Смерть не может больше ждать, и я вынужден кончить. С верхних этажей все тише доносятся вы стрелы. Падают последние защитники нашей крепости, и вместе с ними рушится и погибает большая Варшава, прекрасная Богобоязненная еврейская Варшава. Солнце заходит, и я благодарю Б-га за то, что больше не увижу его. Я вижу багрянец пожаров и клочок неба, красный и беспокойный, как поток крови. Самое позднее через час я буду уже с моей женой, с моими детьми и с миллионами других сыновей моего народа в том лучшем мире, в котором нет больше сомнений и в котором Б-г — единственный властелин.

Я умираю спокойный, но не удовлетворенный; изувеченный, но не отчаявшийся; веруя, но не прося пощады; любя Б-га, но не повторяя слепо «амен».

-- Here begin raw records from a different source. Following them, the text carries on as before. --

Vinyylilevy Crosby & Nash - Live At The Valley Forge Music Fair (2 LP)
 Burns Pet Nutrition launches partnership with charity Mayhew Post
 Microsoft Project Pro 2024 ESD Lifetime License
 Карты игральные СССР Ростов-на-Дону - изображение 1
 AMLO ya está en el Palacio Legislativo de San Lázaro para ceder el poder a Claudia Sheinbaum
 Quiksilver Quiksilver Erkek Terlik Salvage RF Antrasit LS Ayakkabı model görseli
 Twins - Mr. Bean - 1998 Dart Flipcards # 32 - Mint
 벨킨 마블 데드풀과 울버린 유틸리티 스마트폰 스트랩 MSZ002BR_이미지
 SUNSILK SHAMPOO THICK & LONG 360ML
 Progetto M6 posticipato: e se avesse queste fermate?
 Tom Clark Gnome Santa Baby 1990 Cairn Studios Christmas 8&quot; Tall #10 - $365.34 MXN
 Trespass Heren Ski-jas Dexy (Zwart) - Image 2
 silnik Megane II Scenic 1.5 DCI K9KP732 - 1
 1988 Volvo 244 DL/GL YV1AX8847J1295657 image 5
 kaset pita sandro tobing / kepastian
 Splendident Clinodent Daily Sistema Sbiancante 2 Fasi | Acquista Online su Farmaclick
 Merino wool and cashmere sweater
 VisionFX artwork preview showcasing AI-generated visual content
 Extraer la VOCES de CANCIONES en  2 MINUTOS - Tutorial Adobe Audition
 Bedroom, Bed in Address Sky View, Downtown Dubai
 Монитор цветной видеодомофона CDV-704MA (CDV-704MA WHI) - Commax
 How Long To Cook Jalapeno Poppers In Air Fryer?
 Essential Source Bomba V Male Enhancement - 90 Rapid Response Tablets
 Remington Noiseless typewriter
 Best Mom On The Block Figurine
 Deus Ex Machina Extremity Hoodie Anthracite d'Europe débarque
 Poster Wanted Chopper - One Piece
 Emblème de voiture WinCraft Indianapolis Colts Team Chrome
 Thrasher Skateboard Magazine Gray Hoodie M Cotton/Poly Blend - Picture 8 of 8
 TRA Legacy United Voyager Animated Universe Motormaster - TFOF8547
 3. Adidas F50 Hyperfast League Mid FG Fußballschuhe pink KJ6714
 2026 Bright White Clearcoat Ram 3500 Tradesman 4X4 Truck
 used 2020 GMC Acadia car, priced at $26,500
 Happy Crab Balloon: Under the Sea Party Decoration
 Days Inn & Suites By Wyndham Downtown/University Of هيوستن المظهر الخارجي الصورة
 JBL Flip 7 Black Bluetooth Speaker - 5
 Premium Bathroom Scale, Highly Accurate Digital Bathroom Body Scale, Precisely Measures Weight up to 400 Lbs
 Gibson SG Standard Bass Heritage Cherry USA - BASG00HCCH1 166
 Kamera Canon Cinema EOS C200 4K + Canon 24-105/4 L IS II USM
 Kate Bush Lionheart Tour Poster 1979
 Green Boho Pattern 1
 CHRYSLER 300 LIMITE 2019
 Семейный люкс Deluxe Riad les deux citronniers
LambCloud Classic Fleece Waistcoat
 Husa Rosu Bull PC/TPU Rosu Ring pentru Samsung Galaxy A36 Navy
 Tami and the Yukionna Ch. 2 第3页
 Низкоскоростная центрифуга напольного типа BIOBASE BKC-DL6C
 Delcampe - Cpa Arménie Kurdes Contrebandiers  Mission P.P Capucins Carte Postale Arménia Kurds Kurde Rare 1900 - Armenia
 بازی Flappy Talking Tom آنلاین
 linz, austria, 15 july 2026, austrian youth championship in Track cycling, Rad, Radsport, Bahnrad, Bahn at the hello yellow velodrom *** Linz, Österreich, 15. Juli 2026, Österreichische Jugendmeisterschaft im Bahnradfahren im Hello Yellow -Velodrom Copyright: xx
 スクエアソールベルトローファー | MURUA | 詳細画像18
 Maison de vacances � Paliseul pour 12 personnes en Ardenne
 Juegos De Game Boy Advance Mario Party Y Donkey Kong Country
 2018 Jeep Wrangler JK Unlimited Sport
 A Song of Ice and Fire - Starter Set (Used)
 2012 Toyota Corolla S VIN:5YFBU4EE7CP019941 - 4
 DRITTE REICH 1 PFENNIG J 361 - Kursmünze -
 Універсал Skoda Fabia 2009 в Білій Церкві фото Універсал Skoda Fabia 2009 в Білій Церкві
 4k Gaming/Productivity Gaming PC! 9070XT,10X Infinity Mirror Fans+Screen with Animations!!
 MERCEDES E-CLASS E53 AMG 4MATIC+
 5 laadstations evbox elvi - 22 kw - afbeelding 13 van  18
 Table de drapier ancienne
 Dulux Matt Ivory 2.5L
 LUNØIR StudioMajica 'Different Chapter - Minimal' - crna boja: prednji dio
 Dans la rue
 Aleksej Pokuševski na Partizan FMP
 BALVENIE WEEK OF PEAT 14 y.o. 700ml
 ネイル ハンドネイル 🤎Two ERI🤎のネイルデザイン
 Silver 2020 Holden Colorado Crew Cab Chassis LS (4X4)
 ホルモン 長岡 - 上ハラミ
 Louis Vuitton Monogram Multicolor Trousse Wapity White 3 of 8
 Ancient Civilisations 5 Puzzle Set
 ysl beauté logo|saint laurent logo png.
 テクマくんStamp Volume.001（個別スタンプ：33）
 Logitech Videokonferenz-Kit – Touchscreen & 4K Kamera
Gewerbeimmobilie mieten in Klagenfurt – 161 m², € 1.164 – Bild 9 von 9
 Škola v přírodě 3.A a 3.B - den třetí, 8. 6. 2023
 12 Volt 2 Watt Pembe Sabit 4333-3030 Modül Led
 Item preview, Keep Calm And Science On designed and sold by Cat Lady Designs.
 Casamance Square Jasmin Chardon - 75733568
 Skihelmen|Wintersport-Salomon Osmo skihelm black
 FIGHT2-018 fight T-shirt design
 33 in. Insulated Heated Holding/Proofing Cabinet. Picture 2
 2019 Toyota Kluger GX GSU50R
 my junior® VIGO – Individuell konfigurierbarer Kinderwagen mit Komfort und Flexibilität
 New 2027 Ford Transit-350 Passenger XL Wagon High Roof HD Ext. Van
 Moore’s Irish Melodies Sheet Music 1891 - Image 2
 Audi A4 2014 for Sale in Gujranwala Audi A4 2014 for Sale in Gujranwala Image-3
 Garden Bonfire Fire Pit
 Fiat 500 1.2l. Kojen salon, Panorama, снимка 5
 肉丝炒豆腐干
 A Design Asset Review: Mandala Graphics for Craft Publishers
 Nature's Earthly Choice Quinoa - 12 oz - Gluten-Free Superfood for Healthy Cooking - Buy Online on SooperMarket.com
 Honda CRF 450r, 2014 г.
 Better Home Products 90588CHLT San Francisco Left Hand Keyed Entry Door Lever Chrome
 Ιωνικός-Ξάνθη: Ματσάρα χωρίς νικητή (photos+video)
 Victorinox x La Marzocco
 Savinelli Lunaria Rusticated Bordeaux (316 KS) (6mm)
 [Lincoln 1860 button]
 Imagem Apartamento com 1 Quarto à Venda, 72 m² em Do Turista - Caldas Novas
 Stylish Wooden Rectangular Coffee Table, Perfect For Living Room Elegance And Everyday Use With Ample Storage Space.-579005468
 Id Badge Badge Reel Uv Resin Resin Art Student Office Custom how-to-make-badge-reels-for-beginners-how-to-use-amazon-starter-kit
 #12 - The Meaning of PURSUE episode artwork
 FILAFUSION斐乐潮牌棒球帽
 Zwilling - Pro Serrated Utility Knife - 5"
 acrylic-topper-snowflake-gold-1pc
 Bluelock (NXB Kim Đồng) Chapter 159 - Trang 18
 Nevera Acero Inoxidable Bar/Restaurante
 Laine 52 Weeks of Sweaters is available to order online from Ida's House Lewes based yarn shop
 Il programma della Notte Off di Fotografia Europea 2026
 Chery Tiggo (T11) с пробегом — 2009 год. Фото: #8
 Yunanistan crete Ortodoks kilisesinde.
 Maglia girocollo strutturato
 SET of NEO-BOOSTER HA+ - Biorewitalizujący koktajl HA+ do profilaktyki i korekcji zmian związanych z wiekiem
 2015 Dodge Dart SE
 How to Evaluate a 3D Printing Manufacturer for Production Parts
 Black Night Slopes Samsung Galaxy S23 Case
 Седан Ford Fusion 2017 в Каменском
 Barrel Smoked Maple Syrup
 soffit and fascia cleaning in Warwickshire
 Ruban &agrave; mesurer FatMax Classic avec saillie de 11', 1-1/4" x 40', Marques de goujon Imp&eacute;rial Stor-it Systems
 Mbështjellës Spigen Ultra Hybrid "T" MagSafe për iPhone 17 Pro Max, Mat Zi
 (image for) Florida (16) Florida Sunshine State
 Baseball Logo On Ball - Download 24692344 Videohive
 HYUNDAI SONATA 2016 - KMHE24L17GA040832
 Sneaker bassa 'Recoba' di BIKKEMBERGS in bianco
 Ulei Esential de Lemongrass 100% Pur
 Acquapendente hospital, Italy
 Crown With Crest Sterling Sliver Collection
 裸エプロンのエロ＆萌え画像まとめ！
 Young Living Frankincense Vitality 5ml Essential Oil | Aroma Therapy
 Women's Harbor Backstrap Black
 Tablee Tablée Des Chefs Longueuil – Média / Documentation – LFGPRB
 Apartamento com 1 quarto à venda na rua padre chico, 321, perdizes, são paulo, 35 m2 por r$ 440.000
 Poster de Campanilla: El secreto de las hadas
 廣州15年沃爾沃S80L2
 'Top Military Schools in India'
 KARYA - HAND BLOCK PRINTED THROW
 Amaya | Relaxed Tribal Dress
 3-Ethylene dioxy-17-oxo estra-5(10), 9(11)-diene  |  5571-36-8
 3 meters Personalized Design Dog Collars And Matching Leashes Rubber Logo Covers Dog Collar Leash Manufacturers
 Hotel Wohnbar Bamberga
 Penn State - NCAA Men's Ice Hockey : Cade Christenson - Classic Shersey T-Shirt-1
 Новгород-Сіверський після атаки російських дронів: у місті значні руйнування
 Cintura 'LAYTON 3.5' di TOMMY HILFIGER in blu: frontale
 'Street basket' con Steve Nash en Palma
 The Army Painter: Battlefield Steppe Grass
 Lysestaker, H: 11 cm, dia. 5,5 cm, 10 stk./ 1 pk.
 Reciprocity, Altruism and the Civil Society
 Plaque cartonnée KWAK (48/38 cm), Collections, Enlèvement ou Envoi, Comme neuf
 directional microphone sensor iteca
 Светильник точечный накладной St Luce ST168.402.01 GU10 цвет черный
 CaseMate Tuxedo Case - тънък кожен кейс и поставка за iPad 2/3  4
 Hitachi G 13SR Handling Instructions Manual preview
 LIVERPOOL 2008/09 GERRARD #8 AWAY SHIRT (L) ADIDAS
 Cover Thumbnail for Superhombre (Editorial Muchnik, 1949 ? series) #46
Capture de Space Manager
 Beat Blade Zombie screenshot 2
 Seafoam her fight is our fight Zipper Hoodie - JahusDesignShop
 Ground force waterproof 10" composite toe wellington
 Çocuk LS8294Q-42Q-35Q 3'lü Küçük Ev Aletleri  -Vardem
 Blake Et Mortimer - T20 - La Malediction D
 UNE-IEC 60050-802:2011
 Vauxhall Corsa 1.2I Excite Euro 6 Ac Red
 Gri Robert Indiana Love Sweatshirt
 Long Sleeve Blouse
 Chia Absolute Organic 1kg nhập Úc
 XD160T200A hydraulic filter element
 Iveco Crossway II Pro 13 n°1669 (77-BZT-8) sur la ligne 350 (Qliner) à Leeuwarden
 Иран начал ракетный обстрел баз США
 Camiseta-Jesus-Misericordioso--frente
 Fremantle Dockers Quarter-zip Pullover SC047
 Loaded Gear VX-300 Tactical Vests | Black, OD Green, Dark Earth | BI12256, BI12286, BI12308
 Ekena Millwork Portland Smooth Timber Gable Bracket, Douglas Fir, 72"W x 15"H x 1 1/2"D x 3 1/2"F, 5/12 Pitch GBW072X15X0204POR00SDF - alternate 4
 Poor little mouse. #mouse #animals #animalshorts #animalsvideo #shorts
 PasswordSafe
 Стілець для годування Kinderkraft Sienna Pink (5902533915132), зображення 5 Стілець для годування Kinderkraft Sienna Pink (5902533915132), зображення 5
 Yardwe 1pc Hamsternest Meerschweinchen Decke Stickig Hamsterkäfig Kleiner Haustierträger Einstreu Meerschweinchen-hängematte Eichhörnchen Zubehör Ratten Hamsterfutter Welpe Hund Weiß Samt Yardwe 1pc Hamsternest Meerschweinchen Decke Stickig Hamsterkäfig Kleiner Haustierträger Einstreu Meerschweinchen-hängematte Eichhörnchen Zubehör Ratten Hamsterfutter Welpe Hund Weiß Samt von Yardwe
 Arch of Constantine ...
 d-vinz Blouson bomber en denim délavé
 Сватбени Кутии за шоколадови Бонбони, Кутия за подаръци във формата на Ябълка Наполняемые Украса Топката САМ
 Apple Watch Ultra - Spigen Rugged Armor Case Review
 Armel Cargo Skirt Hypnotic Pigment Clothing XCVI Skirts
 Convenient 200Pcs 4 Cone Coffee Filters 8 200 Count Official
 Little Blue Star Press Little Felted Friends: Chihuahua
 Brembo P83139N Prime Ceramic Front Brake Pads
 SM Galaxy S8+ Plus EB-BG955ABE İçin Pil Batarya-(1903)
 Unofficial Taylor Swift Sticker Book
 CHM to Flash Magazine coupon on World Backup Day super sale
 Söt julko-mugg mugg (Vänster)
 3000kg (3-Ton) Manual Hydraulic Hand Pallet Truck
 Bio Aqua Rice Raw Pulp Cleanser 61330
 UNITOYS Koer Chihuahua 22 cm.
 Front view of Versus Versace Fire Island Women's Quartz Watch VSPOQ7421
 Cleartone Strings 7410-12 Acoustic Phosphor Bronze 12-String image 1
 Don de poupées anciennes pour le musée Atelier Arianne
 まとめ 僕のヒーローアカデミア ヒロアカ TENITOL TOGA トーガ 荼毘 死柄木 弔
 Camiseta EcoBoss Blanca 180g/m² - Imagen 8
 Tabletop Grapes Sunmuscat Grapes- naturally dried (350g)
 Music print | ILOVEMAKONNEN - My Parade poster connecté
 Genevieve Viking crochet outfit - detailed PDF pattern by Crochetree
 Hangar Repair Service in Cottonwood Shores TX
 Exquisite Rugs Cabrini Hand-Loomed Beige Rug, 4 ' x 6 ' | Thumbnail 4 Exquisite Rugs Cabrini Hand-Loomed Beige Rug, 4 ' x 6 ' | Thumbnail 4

Мой рабби часто рассказывал мне о еврее, который вместе с женой и детьми бежал от испанской инквизиции и в непогоду на маленьком суденышке добрался до скалистого острова. Молния убила его жену. Шторм унес в море его детей. Лишившийся близких, одинокий, как камень, нагой и босой, истерзанный бурей, испуганный громами и молниями, с растрепанными волосами и с руками, простертыми к небу, еврей шел дальше по скалистому необитаемому острову и взывал к Б-гу, говоря так: «Властелин миров! Я бежал сюда, чтобы служить Тебе, исполнять Твои заповеди и освящать Твое имя. Ты же много делаешь для того, чтобы я оставил мою религию. Но если Ты думаешь этими испытаниями принудить меня оставить путь истинный, я говорю Тебе, мой Б-г и Б-г отцов моих, что это Тебе не удастся. Ты можешь сокрушить меня, Ты можешь отнять у меня самое дорогое и лучшее в мире. Ты можешь подвергать меня смертным мукам — я всегда буду верить в Тебя. Знай же твердо: желают или не желают того небожители, я еврей и евреем останусь. И ничего не изменят испытания, которые Ты обрушил на меня и которые обрушишь!»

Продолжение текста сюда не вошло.